Bill Clinton was heckled and booed on Sunday during a campaign event in Logan, West Virginia, where the town’s mayor recently informed Democratic Sen. Joe Manchin that the former first couple are “simply not welcome” because of their “anti-coal messages.”
“I wanted to come here and tell you that I care about what you’re going through. I get it and I think that we can do something about it, that’s the most important thing,” Clinton said at the event, where he was joined by Manchin and Gov. Earl Ray Tomblin, a native of the coal town of about 1,800.
But Clinton’s visit was fraught with tension.
Earlier this week, Logan Mayor Serafino Nolletti sent a letter to a staffer in Manchin’s office saying that he opposed the Clintons visiting the town. The Clinton campaign had asked the Logan fire department for permission to use its facilities to host the former president.
“Bill and Hillary Clinton are simply not welcome in our town,” Nolletti wrote in a letter, according to WOWK.

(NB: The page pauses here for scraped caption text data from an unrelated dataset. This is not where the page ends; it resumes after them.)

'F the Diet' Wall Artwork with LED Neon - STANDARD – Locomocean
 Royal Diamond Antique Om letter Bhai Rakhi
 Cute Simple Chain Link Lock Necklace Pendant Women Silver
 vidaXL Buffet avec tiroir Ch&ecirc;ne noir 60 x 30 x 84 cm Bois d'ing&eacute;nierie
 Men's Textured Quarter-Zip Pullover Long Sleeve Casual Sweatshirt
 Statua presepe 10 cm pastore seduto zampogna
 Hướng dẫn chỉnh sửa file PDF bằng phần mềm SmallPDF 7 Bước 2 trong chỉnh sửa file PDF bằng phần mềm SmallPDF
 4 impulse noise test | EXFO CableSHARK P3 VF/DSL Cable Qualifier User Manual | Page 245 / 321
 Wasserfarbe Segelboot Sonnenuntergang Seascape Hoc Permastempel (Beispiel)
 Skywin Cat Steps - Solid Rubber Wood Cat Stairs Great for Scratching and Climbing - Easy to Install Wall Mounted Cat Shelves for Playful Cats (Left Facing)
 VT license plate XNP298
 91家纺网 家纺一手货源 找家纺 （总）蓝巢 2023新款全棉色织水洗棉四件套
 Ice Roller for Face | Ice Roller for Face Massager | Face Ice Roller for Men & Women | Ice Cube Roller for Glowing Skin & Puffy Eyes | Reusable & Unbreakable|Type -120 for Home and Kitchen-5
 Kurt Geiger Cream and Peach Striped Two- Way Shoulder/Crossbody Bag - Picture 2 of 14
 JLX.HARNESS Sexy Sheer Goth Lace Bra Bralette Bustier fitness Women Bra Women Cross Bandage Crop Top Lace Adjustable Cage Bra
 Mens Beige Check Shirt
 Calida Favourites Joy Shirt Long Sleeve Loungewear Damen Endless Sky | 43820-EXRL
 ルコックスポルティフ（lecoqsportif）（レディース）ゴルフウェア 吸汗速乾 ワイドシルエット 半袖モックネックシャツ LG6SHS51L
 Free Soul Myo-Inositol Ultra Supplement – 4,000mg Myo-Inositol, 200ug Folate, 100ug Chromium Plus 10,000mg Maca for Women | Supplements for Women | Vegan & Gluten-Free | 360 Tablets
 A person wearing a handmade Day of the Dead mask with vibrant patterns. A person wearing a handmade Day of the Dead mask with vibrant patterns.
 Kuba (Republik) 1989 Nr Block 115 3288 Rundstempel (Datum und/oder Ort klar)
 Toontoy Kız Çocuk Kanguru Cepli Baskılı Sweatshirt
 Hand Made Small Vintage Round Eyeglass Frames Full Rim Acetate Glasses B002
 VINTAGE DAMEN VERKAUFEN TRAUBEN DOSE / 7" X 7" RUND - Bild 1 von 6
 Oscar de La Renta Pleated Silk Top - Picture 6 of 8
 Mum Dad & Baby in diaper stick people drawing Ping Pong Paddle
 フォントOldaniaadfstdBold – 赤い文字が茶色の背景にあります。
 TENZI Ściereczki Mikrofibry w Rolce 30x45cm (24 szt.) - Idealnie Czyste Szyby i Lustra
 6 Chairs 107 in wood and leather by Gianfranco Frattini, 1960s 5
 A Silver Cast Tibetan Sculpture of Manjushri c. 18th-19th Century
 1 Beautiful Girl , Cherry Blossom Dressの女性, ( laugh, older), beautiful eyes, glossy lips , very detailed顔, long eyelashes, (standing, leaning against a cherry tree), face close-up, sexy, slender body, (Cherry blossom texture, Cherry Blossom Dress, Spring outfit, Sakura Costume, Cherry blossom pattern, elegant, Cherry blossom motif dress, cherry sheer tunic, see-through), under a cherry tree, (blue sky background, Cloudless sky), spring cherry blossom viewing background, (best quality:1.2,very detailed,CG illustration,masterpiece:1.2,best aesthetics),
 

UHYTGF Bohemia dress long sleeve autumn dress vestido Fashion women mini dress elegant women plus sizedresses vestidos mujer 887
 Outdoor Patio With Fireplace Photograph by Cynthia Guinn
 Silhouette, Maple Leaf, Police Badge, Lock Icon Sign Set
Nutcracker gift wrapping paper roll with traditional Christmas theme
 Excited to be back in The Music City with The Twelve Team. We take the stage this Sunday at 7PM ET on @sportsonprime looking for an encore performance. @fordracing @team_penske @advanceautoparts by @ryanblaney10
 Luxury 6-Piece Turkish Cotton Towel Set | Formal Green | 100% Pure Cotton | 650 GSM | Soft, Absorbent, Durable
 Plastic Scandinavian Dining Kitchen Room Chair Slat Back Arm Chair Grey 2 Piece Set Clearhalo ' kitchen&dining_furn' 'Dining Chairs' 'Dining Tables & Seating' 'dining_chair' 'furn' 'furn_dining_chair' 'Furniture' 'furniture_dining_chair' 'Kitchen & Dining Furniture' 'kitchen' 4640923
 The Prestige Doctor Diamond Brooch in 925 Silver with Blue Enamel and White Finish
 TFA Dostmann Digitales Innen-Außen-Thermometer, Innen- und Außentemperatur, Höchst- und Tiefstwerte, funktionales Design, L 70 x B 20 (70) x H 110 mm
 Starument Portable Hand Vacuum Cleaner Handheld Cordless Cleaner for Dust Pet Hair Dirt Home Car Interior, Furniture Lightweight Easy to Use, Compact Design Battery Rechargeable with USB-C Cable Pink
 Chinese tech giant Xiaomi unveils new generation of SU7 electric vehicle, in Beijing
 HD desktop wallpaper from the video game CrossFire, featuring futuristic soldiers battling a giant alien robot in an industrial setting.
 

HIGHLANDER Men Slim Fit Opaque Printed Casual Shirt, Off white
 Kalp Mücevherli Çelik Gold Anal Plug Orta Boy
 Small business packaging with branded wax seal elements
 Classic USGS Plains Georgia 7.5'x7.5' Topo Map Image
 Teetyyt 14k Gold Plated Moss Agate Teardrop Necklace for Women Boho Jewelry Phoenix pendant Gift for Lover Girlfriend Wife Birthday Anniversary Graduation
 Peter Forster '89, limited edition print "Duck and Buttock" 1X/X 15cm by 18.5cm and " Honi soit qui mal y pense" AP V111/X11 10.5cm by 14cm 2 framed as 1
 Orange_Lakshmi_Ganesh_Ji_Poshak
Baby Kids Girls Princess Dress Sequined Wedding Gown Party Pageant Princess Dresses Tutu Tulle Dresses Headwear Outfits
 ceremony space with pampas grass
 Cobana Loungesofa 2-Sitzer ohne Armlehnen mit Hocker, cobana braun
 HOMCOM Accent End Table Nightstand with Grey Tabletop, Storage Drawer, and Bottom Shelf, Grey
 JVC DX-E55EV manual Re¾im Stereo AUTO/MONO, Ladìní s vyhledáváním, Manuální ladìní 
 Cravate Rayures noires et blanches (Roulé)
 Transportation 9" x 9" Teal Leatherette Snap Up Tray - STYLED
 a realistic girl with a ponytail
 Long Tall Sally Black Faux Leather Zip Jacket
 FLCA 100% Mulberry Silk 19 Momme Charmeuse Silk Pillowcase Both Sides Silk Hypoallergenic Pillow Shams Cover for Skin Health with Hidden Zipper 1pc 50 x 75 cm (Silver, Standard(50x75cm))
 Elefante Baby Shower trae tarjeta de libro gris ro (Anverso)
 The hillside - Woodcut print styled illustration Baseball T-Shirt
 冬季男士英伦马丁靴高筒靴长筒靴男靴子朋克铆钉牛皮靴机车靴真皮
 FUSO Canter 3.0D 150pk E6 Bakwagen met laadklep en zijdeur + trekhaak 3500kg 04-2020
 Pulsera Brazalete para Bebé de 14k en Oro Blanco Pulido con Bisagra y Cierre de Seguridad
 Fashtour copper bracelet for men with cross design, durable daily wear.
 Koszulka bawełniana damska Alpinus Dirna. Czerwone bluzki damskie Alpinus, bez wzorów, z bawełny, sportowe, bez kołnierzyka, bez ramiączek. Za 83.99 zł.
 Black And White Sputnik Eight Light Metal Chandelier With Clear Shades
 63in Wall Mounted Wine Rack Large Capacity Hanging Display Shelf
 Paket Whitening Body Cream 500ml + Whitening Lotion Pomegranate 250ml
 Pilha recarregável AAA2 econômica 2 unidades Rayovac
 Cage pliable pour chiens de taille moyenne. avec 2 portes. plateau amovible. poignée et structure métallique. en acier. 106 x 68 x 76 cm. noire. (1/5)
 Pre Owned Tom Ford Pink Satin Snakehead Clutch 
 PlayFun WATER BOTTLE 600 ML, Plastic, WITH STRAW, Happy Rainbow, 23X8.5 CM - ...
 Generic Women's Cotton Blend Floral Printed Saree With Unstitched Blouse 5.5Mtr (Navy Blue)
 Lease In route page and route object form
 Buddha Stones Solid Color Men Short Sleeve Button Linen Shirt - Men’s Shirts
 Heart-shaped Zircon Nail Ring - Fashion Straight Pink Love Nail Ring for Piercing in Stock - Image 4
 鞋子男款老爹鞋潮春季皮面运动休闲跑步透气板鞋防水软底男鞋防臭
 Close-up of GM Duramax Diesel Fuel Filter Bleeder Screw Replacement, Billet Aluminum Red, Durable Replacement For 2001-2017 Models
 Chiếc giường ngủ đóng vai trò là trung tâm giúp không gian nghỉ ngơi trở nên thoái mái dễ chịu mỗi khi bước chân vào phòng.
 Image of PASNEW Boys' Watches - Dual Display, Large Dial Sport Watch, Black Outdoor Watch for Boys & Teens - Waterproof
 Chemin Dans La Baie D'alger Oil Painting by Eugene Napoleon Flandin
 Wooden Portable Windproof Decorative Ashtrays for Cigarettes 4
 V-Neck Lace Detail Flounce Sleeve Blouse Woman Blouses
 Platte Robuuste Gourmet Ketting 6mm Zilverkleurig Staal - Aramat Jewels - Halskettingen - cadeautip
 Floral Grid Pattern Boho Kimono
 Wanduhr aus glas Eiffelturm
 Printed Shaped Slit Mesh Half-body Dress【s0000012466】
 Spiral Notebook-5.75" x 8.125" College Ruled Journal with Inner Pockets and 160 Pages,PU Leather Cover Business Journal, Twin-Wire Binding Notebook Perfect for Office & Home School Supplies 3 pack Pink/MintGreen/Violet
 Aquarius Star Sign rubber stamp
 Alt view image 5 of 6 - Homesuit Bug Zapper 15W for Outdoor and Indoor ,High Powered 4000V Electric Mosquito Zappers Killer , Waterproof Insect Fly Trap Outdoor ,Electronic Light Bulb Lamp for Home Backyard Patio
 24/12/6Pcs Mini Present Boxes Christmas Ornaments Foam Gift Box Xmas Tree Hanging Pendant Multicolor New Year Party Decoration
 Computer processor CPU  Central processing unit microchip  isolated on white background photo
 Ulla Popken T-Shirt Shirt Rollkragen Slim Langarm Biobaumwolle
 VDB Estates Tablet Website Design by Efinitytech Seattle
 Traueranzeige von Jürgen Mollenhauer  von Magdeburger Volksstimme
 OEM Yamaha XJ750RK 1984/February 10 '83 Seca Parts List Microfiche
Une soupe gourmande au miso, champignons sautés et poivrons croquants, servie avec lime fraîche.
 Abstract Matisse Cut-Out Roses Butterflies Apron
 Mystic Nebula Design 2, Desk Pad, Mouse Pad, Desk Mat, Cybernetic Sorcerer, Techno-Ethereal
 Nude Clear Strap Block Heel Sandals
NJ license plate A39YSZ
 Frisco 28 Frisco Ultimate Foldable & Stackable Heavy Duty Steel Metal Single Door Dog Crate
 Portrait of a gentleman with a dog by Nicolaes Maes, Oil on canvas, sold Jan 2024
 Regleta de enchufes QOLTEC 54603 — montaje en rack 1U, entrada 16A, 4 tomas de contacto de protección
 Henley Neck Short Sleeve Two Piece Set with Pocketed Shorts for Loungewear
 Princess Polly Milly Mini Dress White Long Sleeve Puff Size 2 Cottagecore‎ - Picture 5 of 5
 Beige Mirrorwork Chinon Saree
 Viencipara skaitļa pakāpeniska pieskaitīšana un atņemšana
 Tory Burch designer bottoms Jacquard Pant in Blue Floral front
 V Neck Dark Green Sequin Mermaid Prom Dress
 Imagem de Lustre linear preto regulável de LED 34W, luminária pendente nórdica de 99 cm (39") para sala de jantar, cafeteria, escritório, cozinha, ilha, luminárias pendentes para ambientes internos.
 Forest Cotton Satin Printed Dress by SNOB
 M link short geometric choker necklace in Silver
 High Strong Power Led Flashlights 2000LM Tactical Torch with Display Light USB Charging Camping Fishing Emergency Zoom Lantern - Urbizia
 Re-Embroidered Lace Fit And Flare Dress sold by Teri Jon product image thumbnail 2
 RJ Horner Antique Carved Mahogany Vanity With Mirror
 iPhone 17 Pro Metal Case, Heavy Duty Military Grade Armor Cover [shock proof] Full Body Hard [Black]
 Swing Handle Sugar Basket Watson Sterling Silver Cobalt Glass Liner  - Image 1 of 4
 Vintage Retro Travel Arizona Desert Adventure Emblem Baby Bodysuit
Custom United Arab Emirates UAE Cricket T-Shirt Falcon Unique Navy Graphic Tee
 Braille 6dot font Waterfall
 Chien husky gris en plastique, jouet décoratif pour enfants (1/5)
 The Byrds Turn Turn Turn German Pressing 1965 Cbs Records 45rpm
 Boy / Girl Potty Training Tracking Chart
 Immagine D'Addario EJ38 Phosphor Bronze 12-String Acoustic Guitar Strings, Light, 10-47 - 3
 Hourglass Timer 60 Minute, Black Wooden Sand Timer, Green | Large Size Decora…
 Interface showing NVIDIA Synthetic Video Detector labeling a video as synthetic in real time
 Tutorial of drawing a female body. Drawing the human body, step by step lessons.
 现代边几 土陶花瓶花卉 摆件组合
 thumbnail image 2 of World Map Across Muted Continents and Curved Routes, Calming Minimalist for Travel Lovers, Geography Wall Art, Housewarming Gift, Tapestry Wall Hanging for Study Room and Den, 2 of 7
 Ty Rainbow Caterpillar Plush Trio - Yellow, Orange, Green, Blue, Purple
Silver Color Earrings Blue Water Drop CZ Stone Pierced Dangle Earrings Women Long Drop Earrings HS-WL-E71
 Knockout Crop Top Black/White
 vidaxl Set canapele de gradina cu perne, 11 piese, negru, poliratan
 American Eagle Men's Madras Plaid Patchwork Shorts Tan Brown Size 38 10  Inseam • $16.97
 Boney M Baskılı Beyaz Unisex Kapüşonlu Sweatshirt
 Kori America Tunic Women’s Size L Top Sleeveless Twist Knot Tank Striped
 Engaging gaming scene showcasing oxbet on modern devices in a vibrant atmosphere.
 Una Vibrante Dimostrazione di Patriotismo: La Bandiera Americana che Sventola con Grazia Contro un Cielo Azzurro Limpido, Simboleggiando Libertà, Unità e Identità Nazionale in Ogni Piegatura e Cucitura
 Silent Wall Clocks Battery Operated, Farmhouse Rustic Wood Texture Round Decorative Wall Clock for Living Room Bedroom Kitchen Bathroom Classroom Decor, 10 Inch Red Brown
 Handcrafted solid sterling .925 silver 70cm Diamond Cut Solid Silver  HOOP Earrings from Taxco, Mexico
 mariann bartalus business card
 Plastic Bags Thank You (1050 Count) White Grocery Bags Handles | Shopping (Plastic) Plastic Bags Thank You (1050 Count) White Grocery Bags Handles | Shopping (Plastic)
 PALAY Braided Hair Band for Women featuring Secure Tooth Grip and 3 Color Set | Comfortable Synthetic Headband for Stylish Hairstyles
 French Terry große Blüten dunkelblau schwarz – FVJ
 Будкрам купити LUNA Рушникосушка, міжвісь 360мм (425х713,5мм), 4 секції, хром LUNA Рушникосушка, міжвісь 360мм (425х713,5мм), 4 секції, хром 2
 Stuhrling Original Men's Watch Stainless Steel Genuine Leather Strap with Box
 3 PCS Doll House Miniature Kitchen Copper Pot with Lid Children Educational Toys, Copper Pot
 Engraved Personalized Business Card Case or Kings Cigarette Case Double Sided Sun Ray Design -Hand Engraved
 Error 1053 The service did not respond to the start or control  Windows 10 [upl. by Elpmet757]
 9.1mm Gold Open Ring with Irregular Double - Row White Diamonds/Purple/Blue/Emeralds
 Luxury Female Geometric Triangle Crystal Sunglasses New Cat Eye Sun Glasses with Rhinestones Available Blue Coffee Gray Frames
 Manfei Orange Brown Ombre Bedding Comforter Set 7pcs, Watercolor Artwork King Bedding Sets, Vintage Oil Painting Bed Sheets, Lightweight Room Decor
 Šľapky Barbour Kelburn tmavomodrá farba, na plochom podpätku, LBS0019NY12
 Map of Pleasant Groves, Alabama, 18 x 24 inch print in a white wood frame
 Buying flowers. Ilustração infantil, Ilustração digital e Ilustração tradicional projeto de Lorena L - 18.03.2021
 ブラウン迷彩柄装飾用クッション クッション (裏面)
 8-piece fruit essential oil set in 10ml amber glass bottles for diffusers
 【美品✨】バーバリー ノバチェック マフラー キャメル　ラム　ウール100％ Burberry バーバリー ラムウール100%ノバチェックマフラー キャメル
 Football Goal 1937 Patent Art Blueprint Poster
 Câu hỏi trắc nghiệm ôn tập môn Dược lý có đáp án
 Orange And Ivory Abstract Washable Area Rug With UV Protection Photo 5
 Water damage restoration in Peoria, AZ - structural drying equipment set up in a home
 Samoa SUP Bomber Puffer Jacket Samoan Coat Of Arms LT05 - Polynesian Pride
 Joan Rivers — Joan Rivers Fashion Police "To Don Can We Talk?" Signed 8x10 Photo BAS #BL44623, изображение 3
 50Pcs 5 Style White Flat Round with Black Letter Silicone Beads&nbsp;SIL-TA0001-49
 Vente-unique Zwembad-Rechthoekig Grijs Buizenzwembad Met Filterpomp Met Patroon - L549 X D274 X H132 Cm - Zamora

“Mrs. Clinton’s anti-coal messages are the last thing our suffering town needs at this point,” Nolletti wrote. “The policies that have been championed by people like Mrs. Clinton have all but devastated our fair town, and honestly, enough is enough.”
“We wish them the best in their campaign, however we again state they are not welcome on our city properties,” the letter continues. “We hope that you will respectfully consider NOT visiting our community.”
Hillary Clinton has angered many in coal country because of her general opposition to mining the rock and because of her promise in 2014 to “put a lot of coal miners and coal companies out of business.”
Bill Clinton sought to address those concerns on Sunday, pointing to his wife’s proposals to provide job training and other assistance to displaced coal workers.
But those assurances failed to convince some attendees as a group of attendees began yelling in protest after Clinton pledged to help the depressed region.
The former president responded dismissively.
“This is where they start screaming because they don’t want to hear this,” he said as the protesters were led from the venue.
“The difference between us and them is that we listen to them,” he added.
West Virginia’s primary will be held May 10. Nolletti did not immediately respond to The Daily Caller’s request for comment.